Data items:
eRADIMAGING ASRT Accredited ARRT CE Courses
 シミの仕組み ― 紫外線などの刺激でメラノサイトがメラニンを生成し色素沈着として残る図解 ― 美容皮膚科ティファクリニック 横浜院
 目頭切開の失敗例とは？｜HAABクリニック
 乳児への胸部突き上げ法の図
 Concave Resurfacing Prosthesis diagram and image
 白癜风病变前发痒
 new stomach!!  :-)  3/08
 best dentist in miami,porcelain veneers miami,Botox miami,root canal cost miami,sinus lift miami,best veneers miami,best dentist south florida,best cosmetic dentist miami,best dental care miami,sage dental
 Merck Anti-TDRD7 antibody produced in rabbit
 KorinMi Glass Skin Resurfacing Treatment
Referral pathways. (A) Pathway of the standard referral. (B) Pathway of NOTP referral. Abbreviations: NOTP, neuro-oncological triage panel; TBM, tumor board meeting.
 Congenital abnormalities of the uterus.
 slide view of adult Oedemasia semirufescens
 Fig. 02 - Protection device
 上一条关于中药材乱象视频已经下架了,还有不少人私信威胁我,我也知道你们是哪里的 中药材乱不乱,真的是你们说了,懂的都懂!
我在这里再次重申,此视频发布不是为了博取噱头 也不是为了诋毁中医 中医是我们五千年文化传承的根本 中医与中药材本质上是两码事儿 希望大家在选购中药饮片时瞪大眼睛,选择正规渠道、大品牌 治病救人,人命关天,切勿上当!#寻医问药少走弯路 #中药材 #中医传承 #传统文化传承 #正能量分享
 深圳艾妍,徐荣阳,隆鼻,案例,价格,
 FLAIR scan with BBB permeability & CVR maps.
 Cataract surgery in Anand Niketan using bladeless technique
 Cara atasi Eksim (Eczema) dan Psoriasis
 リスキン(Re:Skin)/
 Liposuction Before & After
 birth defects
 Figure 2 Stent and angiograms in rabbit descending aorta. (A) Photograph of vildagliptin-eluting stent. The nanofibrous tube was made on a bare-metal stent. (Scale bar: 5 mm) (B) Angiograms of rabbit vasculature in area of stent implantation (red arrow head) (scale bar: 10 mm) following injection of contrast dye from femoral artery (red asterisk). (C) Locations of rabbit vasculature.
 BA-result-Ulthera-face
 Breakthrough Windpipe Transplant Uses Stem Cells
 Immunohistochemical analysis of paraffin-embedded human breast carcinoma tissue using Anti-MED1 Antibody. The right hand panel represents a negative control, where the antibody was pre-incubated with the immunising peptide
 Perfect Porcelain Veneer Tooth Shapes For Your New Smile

Assignment: Filter the data down to the lines that contain the string "using", and copy them.

Your response:
 Cataract surgery in Anand Niketan using bladeless technique
 Immunohistochemical analysis of paraffin-embedded human breast carcinoma tissue using Anti-MED1 Antibody. The right hand panel represents a negative control, where the antibody was pre-incubated with the immunising peptide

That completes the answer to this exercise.